Spent fuel removal at Fukushima nuclear plant delayed up to 5 years




TOKYO - The Japanese government decided Friday to delay the removal of spent fuel from the Fukushima Daiichi nuclear power plant's Nos. 1 and 2 reactors by as much as five years, casting doubt on whether it can stick to its timeframe for dismantling the crippled complex.

The process of removing the spent fuel from the units' pools had previously been scheduled to begin in the year through March 2024.

In its latest decommissioning plan, the government said the plant's operator, Tokyo Electric Power Company Holdings Inc., will not begin the roughly two-year process at the No. 1 unit at least until the year through March 2028 and may wait until the year through March 2029.

Work at the No. 2 unit is now slated to start between the year through March 2025 and the year through March 2027, it said.

The delay is necessary to take further safety precautions such as the construction of an enclosure around the No. 1 unit to prevent the spread of radioactive dust, and decontamination of the No. 2 unit, the government said. It is the fourth time it has revised its schedule for removing the spent fuel rods.

"It's a very difficult process and it's hard to know what to expect. The most important thing is the safety of the workers and the surrounding area," industry minister Hiroshi Kajiyama told a press conference.

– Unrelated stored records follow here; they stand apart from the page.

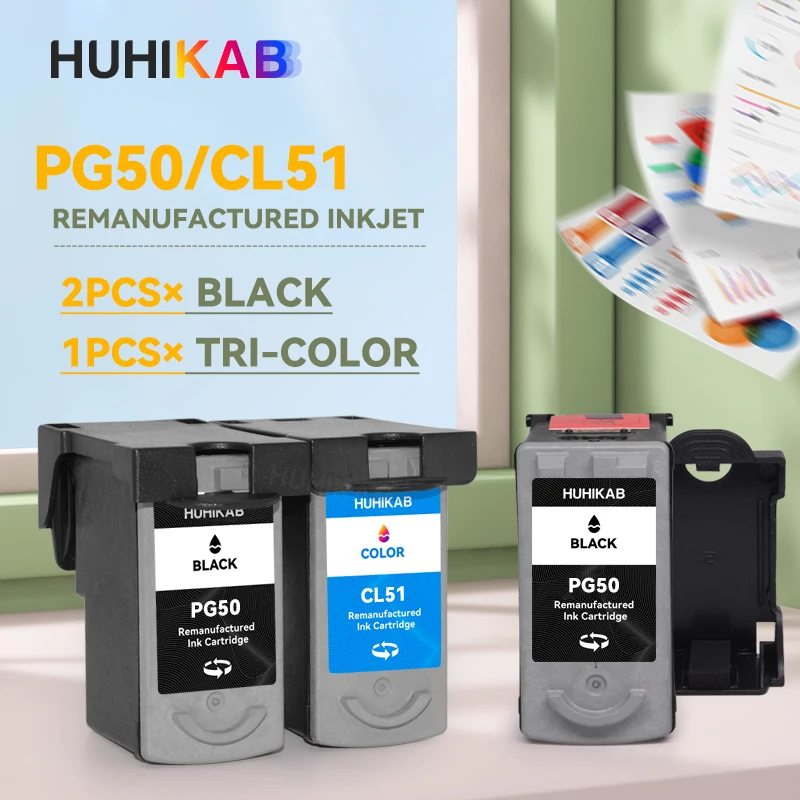 HUHIKAB PG50 CL51 Compatible con cartuchos de tinta Canon PG 50 CL 51 para impresora Canon Pixma iP6220D MP150 MP160 MP170 MP180 MP450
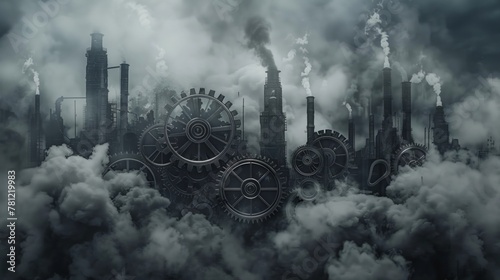 industrial era gears, making its way through a smoky Victorian cityscape, under dark skies Realistic, silhouette lighting, with a touch of steampunk aesthetic photo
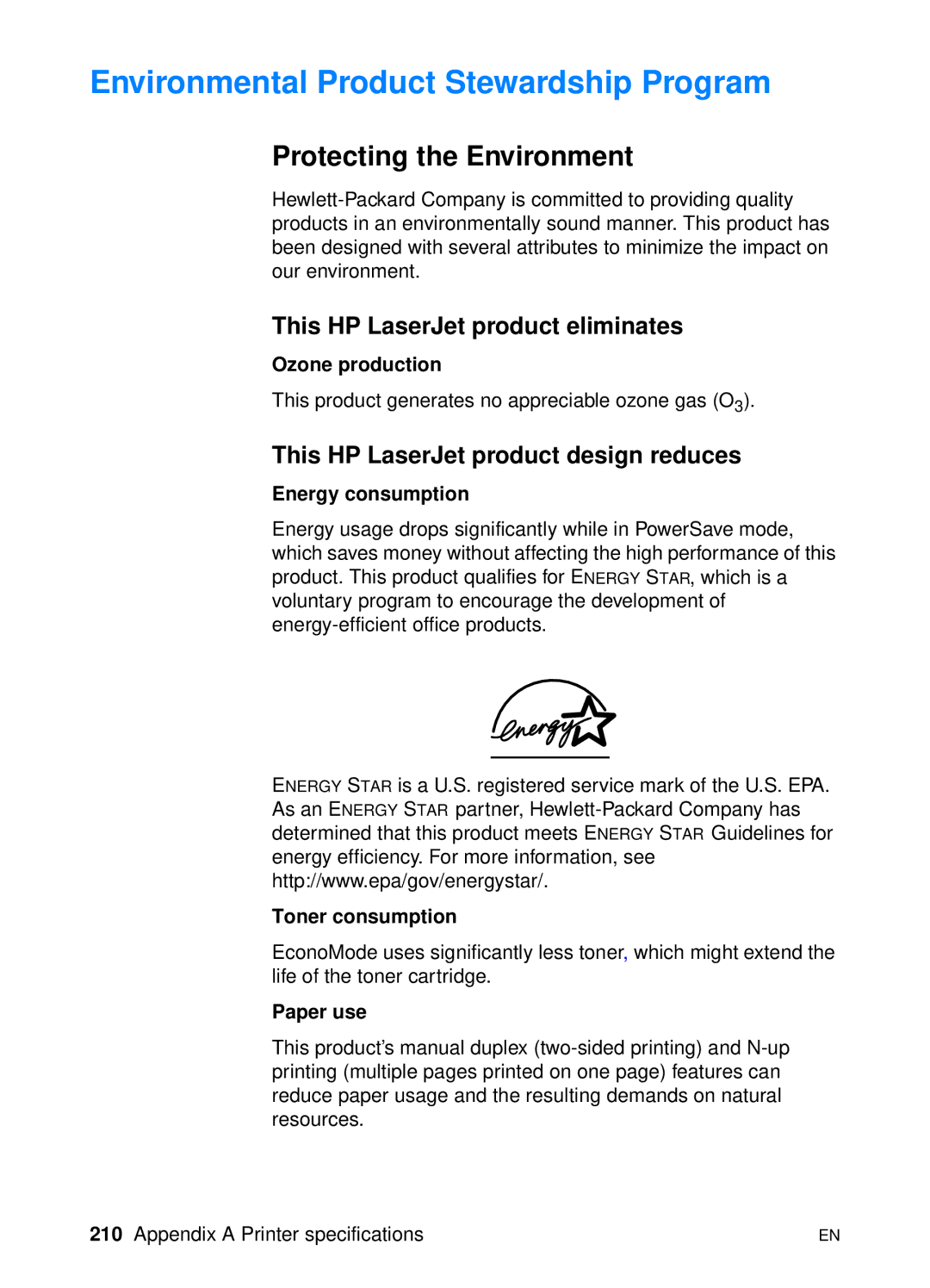 HP 1200 manual Environmental Product Stewardship Program, Protecting the Environment, This HP LaserJet product eliminates 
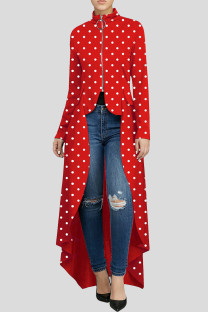 Red Fashion Casual Dot Print Asymmetrical Outerwear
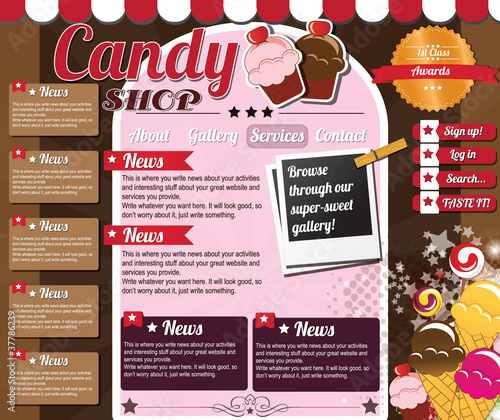 Website template elements, vintage, sweets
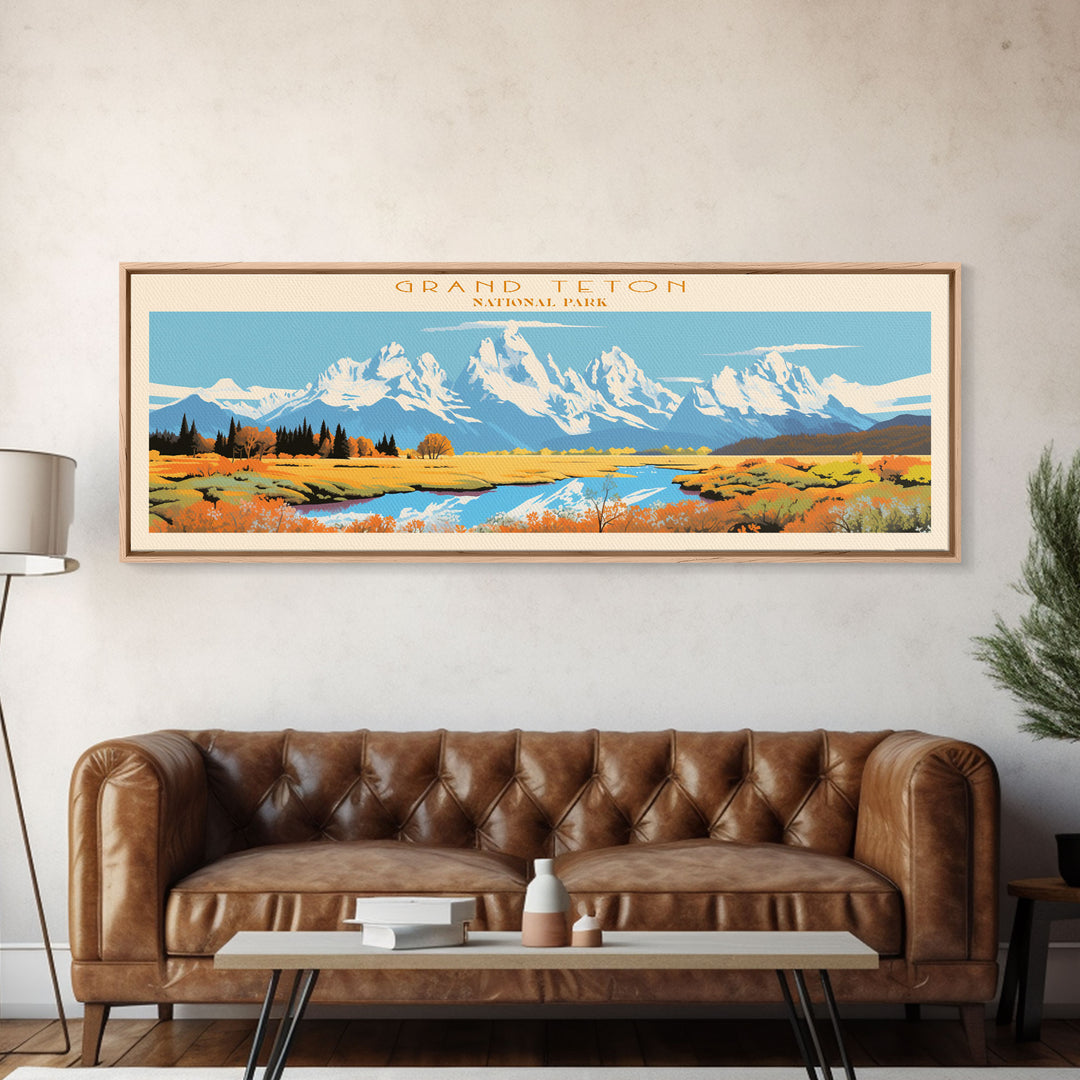 Grand Teton National Park, Panoramic Wyoming Travel Art, National Park Print, Minimalist Travel Art, Midcentury Modern Style Landscape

The government set a new goal of finishing the removal of the 4,741 spent fuel rods across all six of the plant's reactors by the year through March 2032.

TEPCO has started the process at the No. 3 unit and already finished at the No. 4 unit, which was off-line for regular maintenance at the time of the disaster. A schedule has yet to be set for the Nos. 5 and 6 reactors.

While the government maintained its overarching timeframe of finishing the decommissioning of the plant 30 to 40 years from the 2011 crisis triggered by a magnitude 9.0 earthquake and tsunami, there may be further delays.

The government said it will begin removing fuel debris from the three reactors that experienced core meltdowns in the year through March 2022, starting with the No. 2 unit.

The process, considered the most difficult part of the decommissioning plan, will involve using a robot arm to initially remove small amounts of debris, moving up to larger amounts.

The government also said it will aim to reduce the pace at which contaminated water at the plant increases. Water for cooling the melted cores, mixed with underground water, amounts to around 170 tons a day. That number will be brought down to 100 tons by 2025, it said.

The water is being treated to remove the most radioactive materials and stored in tanks on the plant's grounds, but already more than 1 million tons has been collected and space is expected to run out by the summer of 2022.